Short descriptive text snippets
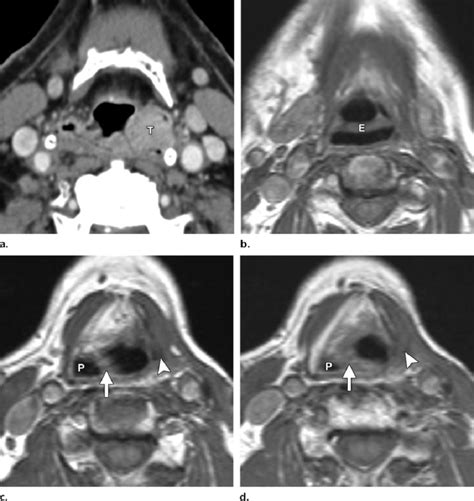 Stage T2 Piriform Sinus Carcinoma In A 70 Year Old Patient A Axial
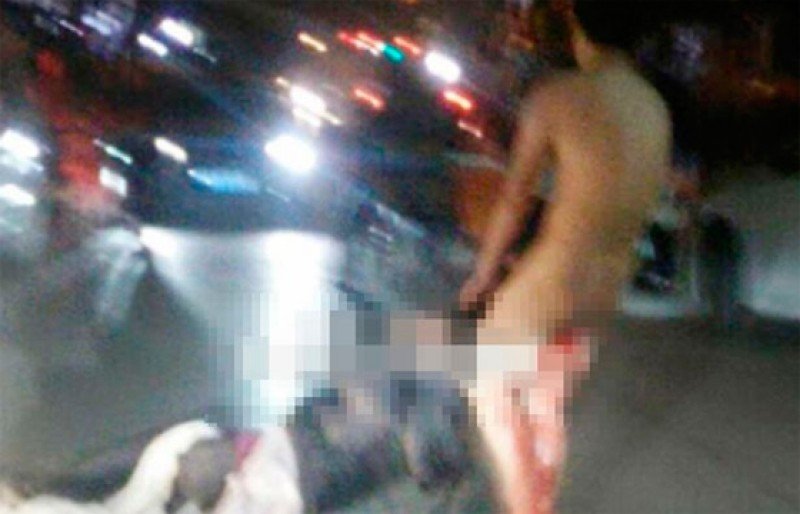 Mulher corta o pênis do marido duas vezes depois de traição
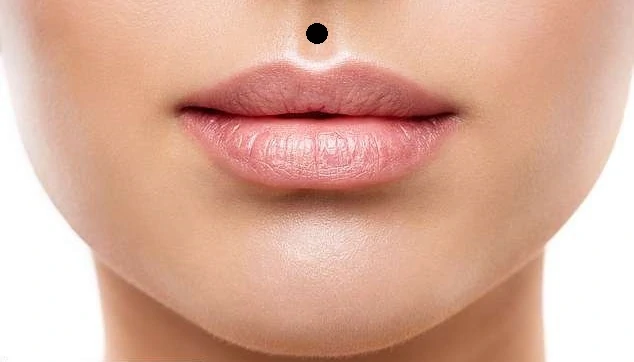 Medusa piercing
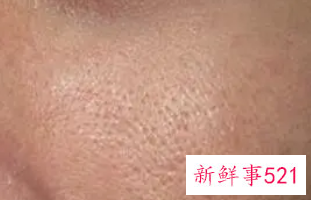 女性脸干燥怎么调理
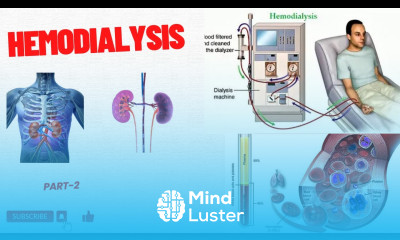 Kidney Failure Hemodialysis What is Dialysis How hemodialysis Works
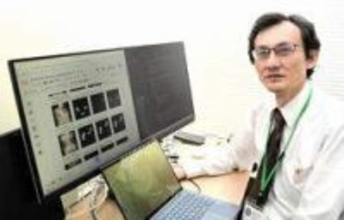 便秘の種類、AIで正しく判別　兵庫県立大研究所などが新技術「早期治療が可能に」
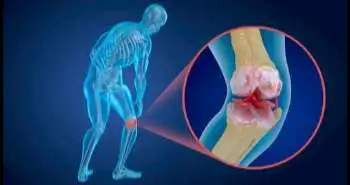 Mesenchymal Stem Cells injection found to be effective for management of knee osteoarthritis
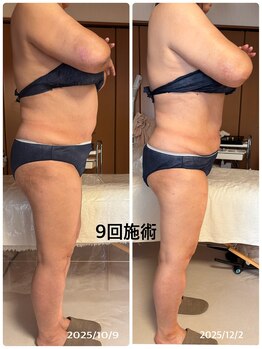 ジフィー(Gify)/筋膜リリースカッターBody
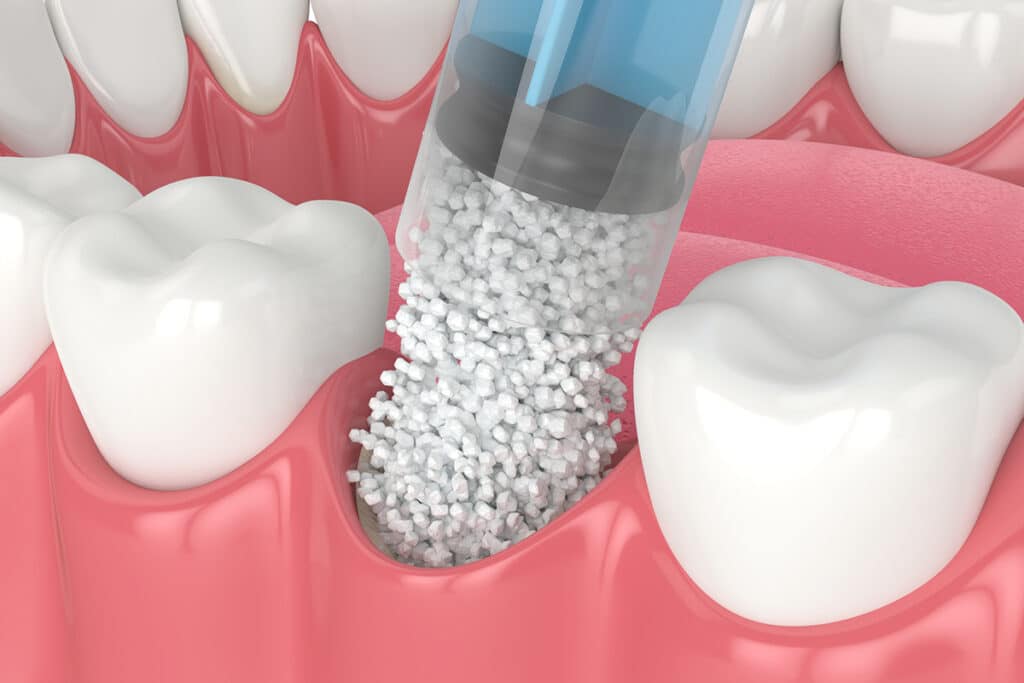 Bone Grafting After Tooth Loss: Why It’s Crucial for Future Implants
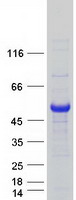 EIF2B3 Protein - Purified recombinant protein EIF2B3 was analyzed by SDS-PAGE gel and Coomassie Blue Staining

- Task prompt: Return each of the lines exactly as they appear above, with no images.

- Exercise response:
 Stage T2 Piriform Sinus Carcinoma In A 70 Year Old Patient A Axial
 Mulher corta o pênis do marido duas vezes depois de traição
 Medusa piercing
 女性脸干燥怎么调理
 Kidney Failure Hemodialysis What is Dialysis How hemodialysis Works
 便秘の種類、AIで正しく判別　兵庫県立大研究所などが新技術「早期治療が可能に」
 Mesenchymal Stem Cells injection found to be effective for management of knee osteoarthritis
 ジフィー(Gify)/筋膜リリースカッターBody
 Bone Grafting After Tooth Loss: Why It’s Crucial for Future Implants
 EIF2B3 Protein - Purified recombinant protein EIF2B3 was analyzed by SDS-PAGE gel and Coomassie Blue Staining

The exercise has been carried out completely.